Neat-o or Eg-o? (Not the waffle)
So the real question for aviation/space lovers is this: is this really a great endeavor, or is it just kind of nice he’s doing it? For my $0.02, I’m not sure this venture is an entirely useful investment. While I do think Cameron’s ‘third person to do it, and first in 50 years’ headline is worthy, I believe so in part because new science may be performed and new technology developed. And not to be taken wrong, I’m all for exploration for the sake of exploration, but this engine recovery thing to me seems more like….nostalgia.
When they raise the engine(s), what do we learn other than that we can raise heavy engines? I think I’d rather see Bezos use the money for other things that actually advance aviation and space, like helping his company Blue Origin to not crash another spacecraft.
So lets say you’re a muti-billionaire, and you’re dying to put you money into something space or aviation-related. You’ve already got a spaceship company; what else…. how about do somehting good? Like donate a FLARM traffic collision warning device to all light aircraft owners, and push the FAA to make it mandatory? (We had an apparent mid-air collision in Colorado last week, which probably could have been avoided by two of those.) Wow, that would be useful. Or maybe fund 1000 scholarships for aeronautical engineers? Or…the list goes on.

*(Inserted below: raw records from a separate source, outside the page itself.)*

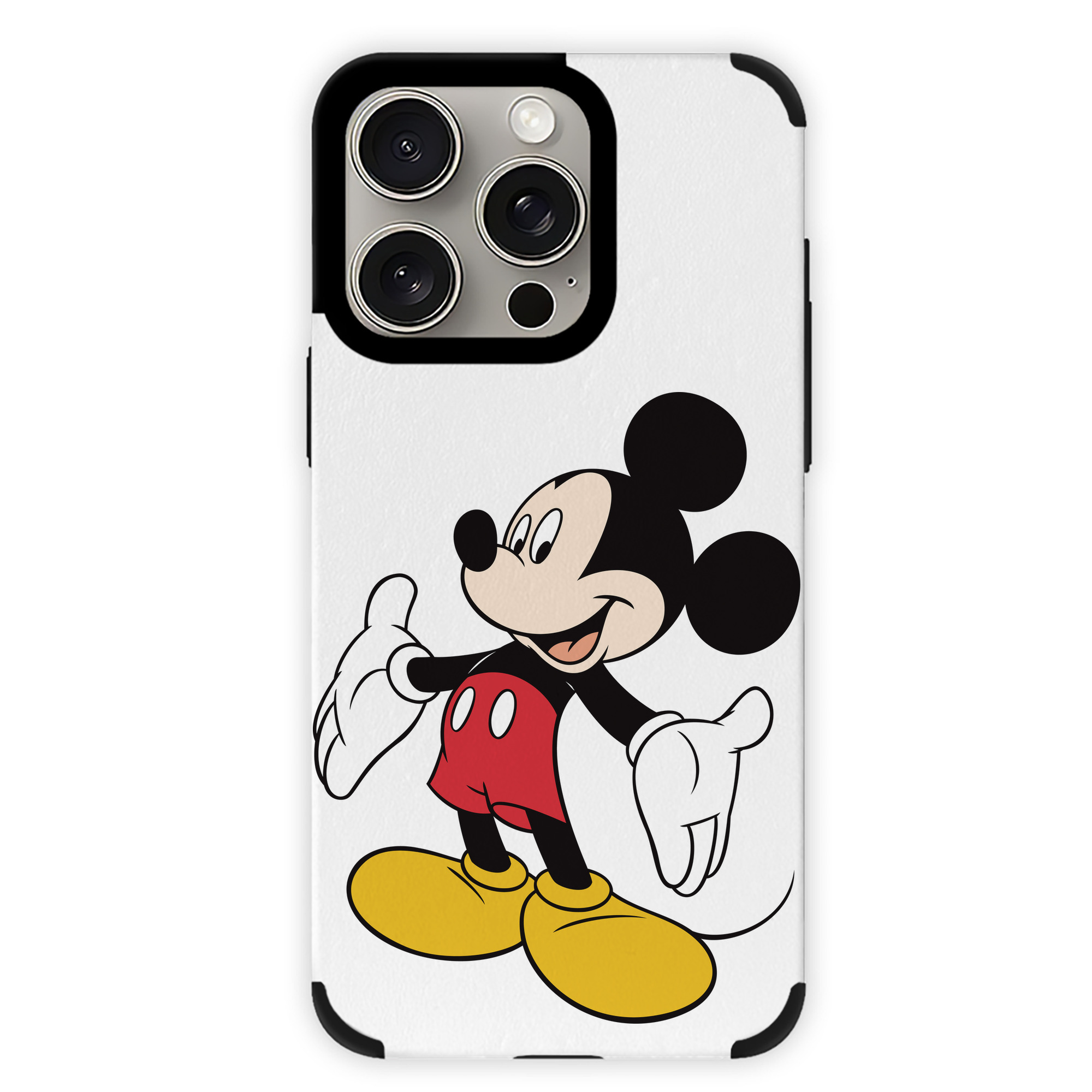（画像用） ミッキーマウス Mickey Mouse 【iPhone15ProMax対応】 PUレザー スマホケース 耐衝撃＆黄変防止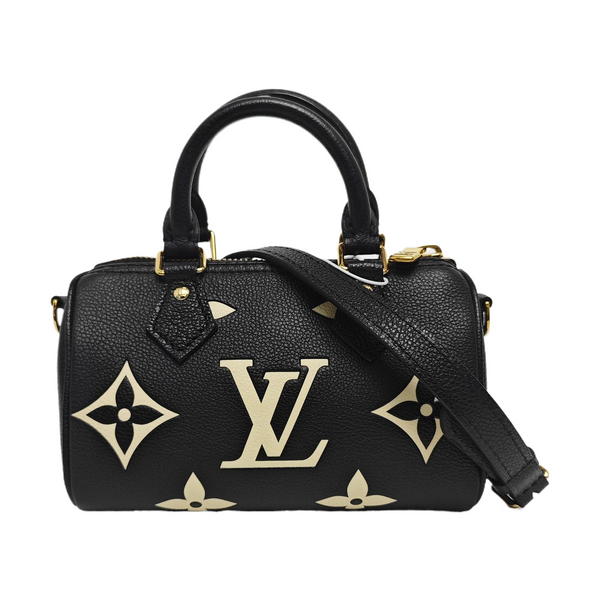 SPEEDY Nano Monogram Calfskin Black
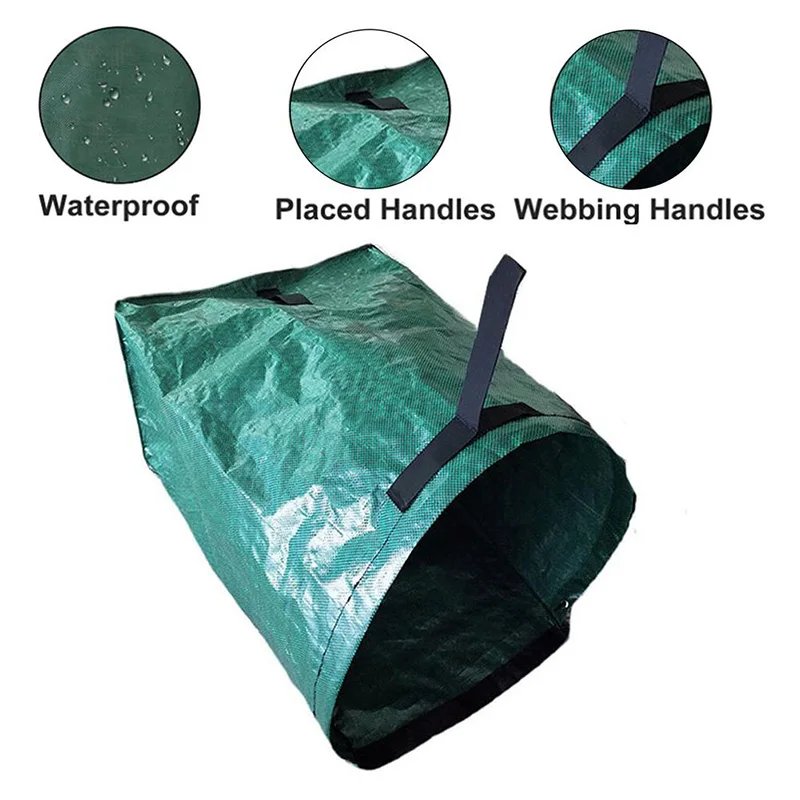 Courtyard Weeds Collection Container Garden Leaves Flowers Waste Storage Bag Large Capacity Handles Fallen Leaves Garbage Bags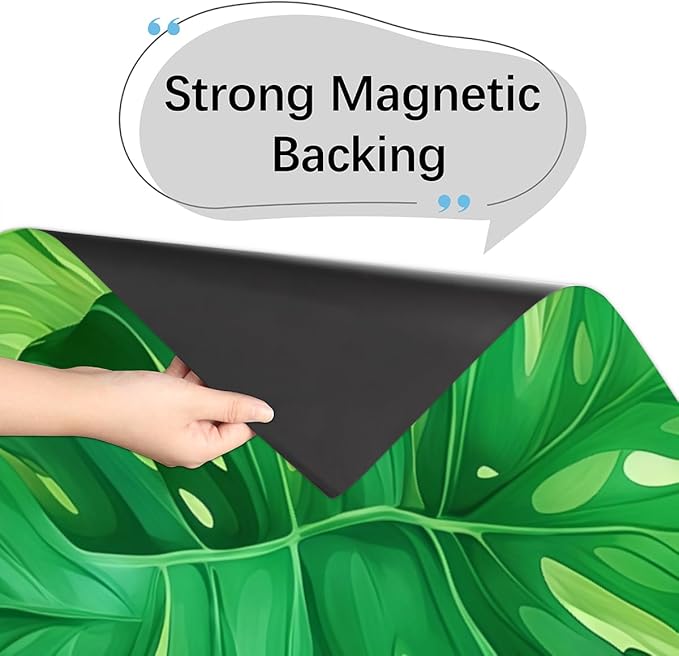 Dishwasher Magnet Cover Palm Leaf Summer Beach Front Dishwasher Cover Decoration Reusable Magnetic Door Cover Panel Decal Home Appliances Stickers Kitchen Refrigerator Fridge 23"x26"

Does spending what surely must be millions on this venture (they’re not releasing figures) justify this particular attempt? While I think it would be great to see these engines in a museum (NASA still claims wnership), I don’t think I need to see the actual engines, where a model, or a test engine of the same variety might be provided. Such as the F1 engine here on display in Huntsville, Alabama.